Room To Grow

I left home in South Carolina and don’t come back often—not because I don’t love and value my family, but because I crave room to grow.

Room To Grow
Same shirt, different day.

It’s hard to believe that this year is almost over. To close out the year, I thought it would be fitting to theme this month’s newsletters around the place where it all started—home. For many of us, home is a complicated concept. It can be both a place of comfort and safety and a place of insecurity and danger. We all likely have some of the best memories and some of the worst memories of our lives tied to home. This month, I want to explore what home means and all the ways our sense of home—or the lack thereof—contributes to who we know ourselves to be.


I'm freshly back "home" in Pittsburgh from a quick trip to my first home—the place where I was born and raised. But, to be honest, Laurens, SC, has never truly felt like home to me. It is the place where my family lives and where I spent 18 years of my life, and in that sense, it is familiar and nostalgic. However, much of the time I spent in Laurens was marked by pains and traumas that I wouldn't begin to unpack and resolve until many years after I left. In my opinion, home is a place of peace, and though Laurens has come much closer to being a peaceful place in the present, my experience growing up there in the past was far from peaceful.

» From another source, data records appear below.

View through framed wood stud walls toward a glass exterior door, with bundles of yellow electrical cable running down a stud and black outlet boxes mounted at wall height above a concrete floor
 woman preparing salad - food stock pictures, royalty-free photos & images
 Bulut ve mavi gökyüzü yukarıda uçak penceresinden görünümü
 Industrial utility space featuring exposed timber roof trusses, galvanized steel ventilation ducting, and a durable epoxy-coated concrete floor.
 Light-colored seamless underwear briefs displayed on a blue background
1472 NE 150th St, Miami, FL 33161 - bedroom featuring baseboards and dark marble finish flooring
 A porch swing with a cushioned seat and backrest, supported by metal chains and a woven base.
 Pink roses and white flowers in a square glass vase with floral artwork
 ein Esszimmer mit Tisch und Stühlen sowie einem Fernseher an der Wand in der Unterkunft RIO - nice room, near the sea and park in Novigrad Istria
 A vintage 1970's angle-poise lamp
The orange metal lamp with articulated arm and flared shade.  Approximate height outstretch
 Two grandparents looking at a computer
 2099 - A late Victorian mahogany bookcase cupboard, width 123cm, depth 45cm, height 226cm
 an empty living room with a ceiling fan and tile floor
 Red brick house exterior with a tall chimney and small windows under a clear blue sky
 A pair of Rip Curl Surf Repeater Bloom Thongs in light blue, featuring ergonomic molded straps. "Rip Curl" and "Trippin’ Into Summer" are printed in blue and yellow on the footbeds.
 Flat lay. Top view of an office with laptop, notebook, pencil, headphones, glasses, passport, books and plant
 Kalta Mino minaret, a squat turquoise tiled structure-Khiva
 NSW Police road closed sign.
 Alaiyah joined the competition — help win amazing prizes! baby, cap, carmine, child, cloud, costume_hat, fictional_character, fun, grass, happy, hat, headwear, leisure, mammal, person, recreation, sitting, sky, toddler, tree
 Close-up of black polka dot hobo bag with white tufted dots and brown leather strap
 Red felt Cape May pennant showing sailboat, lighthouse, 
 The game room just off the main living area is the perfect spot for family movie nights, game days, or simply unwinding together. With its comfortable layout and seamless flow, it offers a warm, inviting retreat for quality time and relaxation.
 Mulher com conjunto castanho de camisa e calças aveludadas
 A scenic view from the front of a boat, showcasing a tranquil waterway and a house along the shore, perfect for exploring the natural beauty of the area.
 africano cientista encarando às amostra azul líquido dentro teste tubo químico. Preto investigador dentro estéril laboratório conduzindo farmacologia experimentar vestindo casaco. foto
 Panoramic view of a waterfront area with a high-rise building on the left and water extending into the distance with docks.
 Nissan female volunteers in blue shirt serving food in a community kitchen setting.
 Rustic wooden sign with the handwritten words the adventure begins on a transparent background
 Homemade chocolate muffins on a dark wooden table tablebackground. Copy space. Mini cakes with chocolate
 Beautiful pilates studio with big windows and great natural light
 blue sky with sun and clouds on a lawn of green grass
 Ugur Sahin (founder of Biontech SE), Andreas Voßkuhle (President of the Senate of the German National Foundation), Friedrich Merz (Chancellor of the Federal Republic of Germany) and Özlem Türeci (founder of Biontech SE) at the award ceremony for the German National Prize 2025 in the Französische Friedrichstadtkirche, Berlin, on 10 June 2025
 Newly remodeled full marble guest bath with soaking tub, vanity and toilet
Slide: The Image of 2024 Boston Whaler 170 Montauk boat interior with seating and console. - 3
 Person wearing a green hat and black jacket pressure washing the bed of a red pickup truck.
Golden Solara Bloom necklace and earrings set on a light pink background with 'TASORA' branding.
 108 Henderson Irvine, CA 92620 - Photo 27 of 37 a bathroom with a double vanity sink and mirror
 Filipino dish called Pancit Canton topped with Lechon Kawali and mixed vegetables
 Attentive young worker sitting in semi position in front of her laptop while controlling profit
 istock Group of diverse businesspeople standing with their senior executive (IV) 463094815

On one hand, my Granny's house is one of the most comforting places on Earth for me. The sights, the sounds, and the smells all act like a time machine, transporting me back to a simpler time when my biggest concerns were saving up enough money for the game I wanted or figuring out if the girl I liked liked me back. On the other hand, it’s a stifling place where only a small portion of myself is acceptable, shaped by the desires, beliefs, and expectations embedded in its foundation. A similar sentiment applies to Laurens as a whole. It's a small town in a small state, largely populated by small-minded people. "Small-minded" doesn’t at all mean "stupid"—instead, it refers to having a limited scope of understanding and experience, often stemming from not venturing much further than the place where you started.

My brothers and I outside of my Granny's house a few years ago.

I left home in South Carolina and don’t come back often—not because I don’t love and value my family, but because I crave room to grow. Whether they mean to or not, our families can be one of the biggest hindrances to growth because they are attached to an identity of us that they feel most comfortable with—a version of us that is often outdated, small, and limited to what they can digest and handle. It’s said that Jesus remarked, “A prophet is not without honor, except in his hometown and among his relatives and in his own household.” This is true because, in his or her hometown, a prophet will often be confined to the identity they had before realizing their calling in life. Consciously or subconsciously, our relatives and the people we grew up with may want to limit us to who we were before we stepped into our purpose, because accepting that we have evolved can be threatening to their own sense of self.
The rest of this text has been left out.